I am trying port the following code constructs to run on the GPU and nvcc is dying with internal errors
Here is the relevent code fragment from my hacked up version of x264 codec’s pixel.c
#define PIXEL_SAD_C( name, lx, ly ) \ DEVICE int name( uint8_t *pix1, int i_stride_pix1, \ uint8_t *pix2, int i_stride_pix2 ) \ { \ int i_sum = 0; \ int x, y; \ for( y = 0; y < ly; y++ ) \ { \ for( x = 0; x < lx; x++ ) \ { \ i_sum += abs( pix1[x] - pix2[x] ); \ } \ pix1 += i_stride_pix1; \ pix2 += i_stride_pix2; \ } \ return i_sum; \ } PIXEL_SAD_C( pixel_sad_16x16, 16, 16 ) PIXEL_SAD_C( pixel_sad_16x8, 16, 8 ) PIXEL_SAD_C( pixel_sad_8x16, 8, 16 ) PIXEL_SAD_C( pixel_sad_8x8, 8, 8 ) PIXEL_SAD_C( pixel_sad_8x4, 8, 4 ) PIXEL_SAD_C( pixel_sad_4x8, 4, 8 ) PIXEL_SAD_C( pixel_sad_4x4, 4, 4 ) PIXEL_SAD_C( pixel_sad_4x2, 4, 2 ) PIXEL_SAD_C( pixel_sad_2x4, 2, 4 ) PIXEL_SAD_C( pixel_sad_2x2, 2, 2 ) typedef int (*x264_pixel_cmp_t) ( uint8_t *, int, uint8_t *, int ); DEVICE x264_pixel_cmp_t pixel_sad[10] = { pixel_sad_16x16, pixel_sad_16x8, pixel_sad_8x8, pixel_sad_8x8, pixel_sad_8x4, pixel_sad_4x8, pixel_sad_4x4, pixel_sad_4x2, pixel_sad_2x4, pixel_sad_2x2 }; And later on I call it like this
results[ tid ]= pixel_sad[i_pixel]( x_pixels, FENC_STRIDE, y_pixels + __umul24( mb_y, i_stride) + mb_x, i_stride) + p_cost_mvx[mb_x<<2] + p_cost_mvy[mb_y<<2]; So is this an illegal code construct? I tried to declare the expanded functions in the macro as device (define DEVICE device) as they are only called on the GPU in this context. There are no device function restrictions that obviously apply to this except maybe the restriction that _device functions cannot have their pointers taken.

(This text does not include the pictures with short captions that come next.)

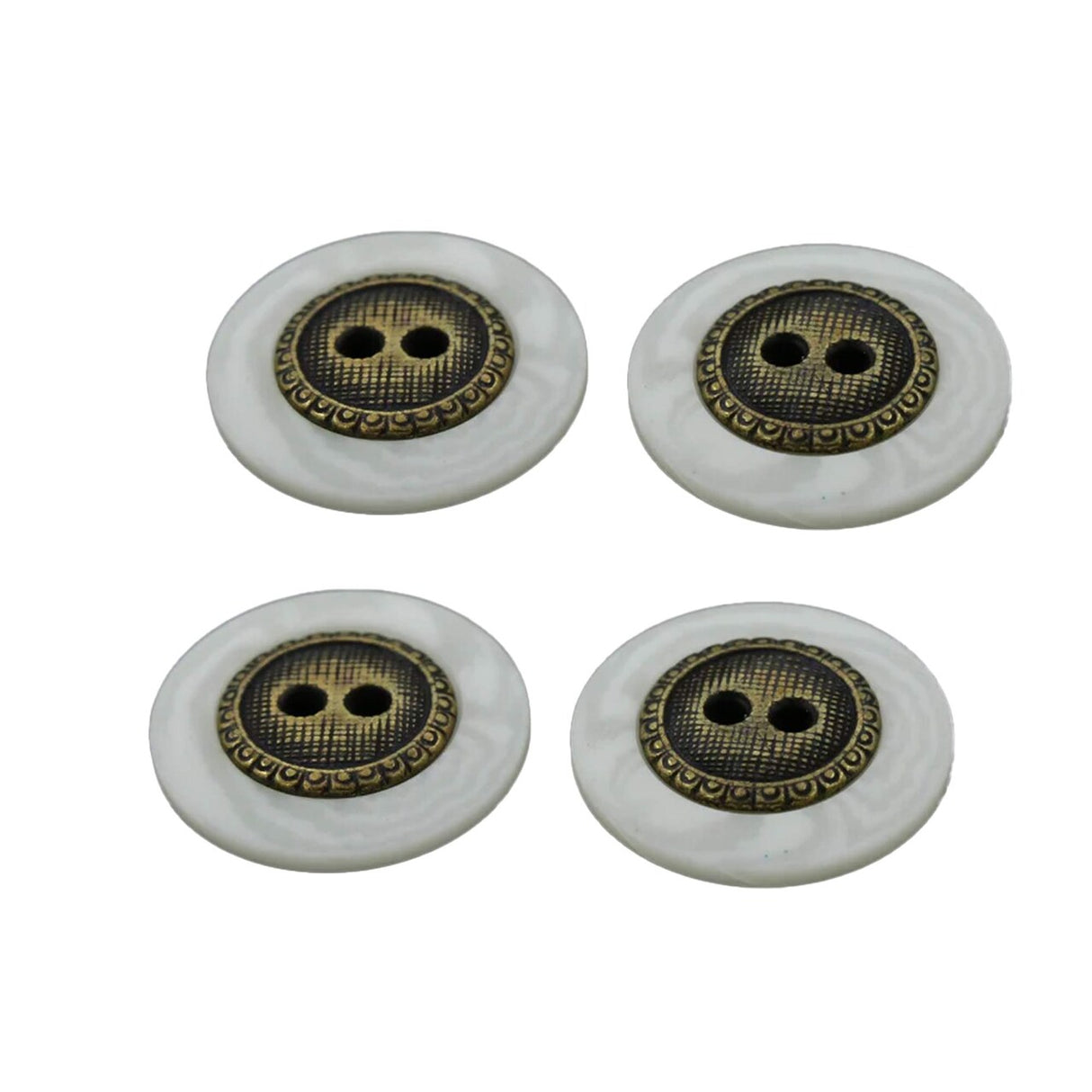 12 Pieces Ivory and Bronze Small Buttons 5/8 Inch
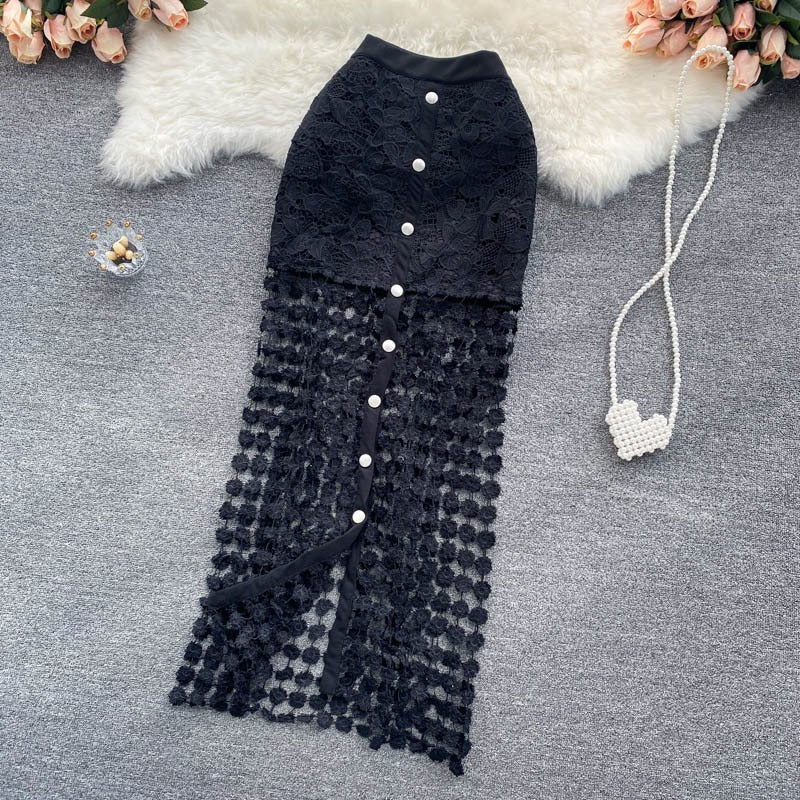 Solene Floral Lace Maxi Skirt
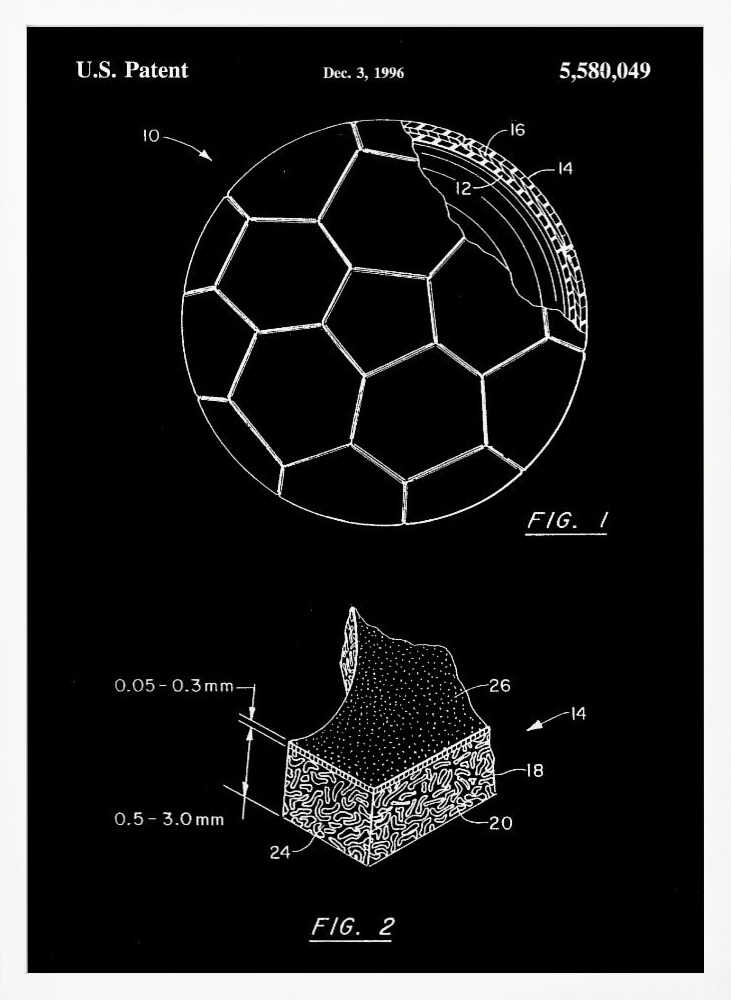 A framed black and white U.S. patent illustration for a soccer ball from December 3, 1996. The image displays two figures: FIG. 1 shows a soccer ball with a cutaway section revealing its inner layers, and FIG. 2 is a magnified cross-section of the ball's material with measurements. Artwork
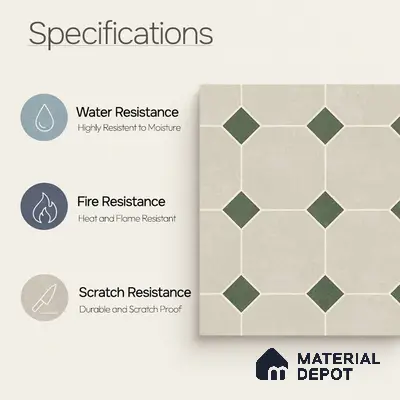 Moroccan Wall & Floor Tile TL 11661 B Verdant Octet 1 ft x 1 ft Ceramic Matte Finish Tile - 10 mm | Suitable For Bathroom, Balcony & Kitchen Backsplash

I know I can expand the macro by hand and declare the functions individually but this way is more maintainable and expanding the macro won’t get around issues with pointers to device function (if that is the problem).
Suggestions?
Spencer